Proprio l'esito del referendum del giugno 1991, che intendeva abrogare la preferenza unica per la Camera dei deputati, rappresentò il segnale d'allarme per tutta la classe politica al governo: il quorum fu raggiunto e stravinsero i «sì», mentre Craxi - con tracotanza - aveva invitato gli elettori a «andare al mare» e disertare in massa le urne.
L'anno dopo, le elezioni politiche furono la pietra tombale del «Caf»: i comunisti non avevano più un partito di riferimento unico, dopo che, nel novembre del 1990, l'ultimo segretario del Pci, Achille Occhetto, aveva annunciato che il partito si sarebbe chiamato Partito democratico della sinistra, provocando la nascita di Rifondazione comunista. Il Psi fu intaccato meno della Dc e degli altri alleati, ma ciò che non fecero (del tutto) gli italiani e il crollo del comunismo, lo fece (del tutto) la magistratura: molti partiti protagonisti della politica nazionale furono praticamente cancellati di colpo dalla rivoluzione giudiziaria del pool milanese di Mani Pulite, di cui diventerà protagonista Antonio Di Pietro.

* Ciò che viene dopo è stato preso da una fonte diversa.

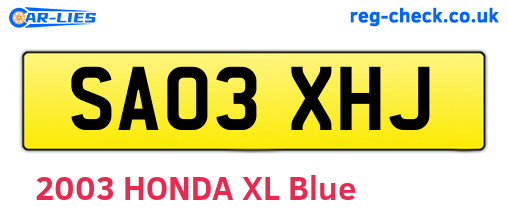 SA03XHJ are the vehicle registration plates.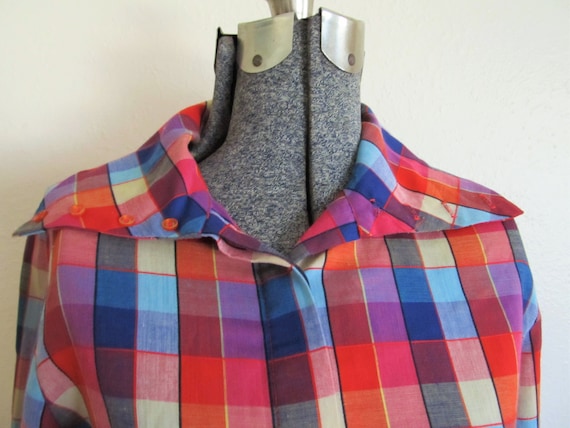 1970s colorful windowpane soft button up shirt wi… - image 3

«Tangentopoli», come venne chiamata, fu scoperta ufficialmente il 17 febbraio 1992, con l'arresto, per una tangente, del socialista milanese Mario Chiesa. Del sistema tangentizio socialista si parlava da anni, ma Craxi continuò a negarlo, definendo Chiesa un «mariolo» e «una scheggia impazzita». Usando il carcere per ottenere confessioni (mentre molti indagati si suicidavano), i magistrati riusciranno a smantellare il sistema politico di centrosinistra.
Le elezioni dell'aprile 1992 videro crescere l'astensione e l'indifferenza degli italiani verso la politica, incapace di rinnovarsi malgrado tutto. La Dc passò dal 34,3 al 29,6 per cento; le sinistre persero quasi un quarto dei voti, mentre socialisti e partiti minori resistettero, per il momento, all'urto. Spirava sempre più forte il vento dell'antipolitica e della ribellione localistica, i cui vessilli - dell'una e dell'altra battaglia - furono agitati con successo dalla Lega di Umberto Bossi a nord e da La Rete di Leoluca Orlando al sud, che ottennero un vistoso successo. Uscirono indenni e anzi rafforzati dal repulisti della magistratura i missini, i cui voti erano però inutilizzabili, e Marco Pannella, inadeguato a raccogliere intorno alla sua figura, certo carismatica ma egocentrica e compiaciuta, un consenso più ampio di quello raccolto tra i radicali.
Nel nuovo parlamento il quadripartito - Dc, Psi, Psdi, Pli - conservava la maggioranza assoluta dei seggi, ma subito dopo le elezioni molti industriali e politici furono arrestati con l'accusa di corruzione, indebolendolo gravemente. Si era ormai all'agonia della «Prima Repubblica».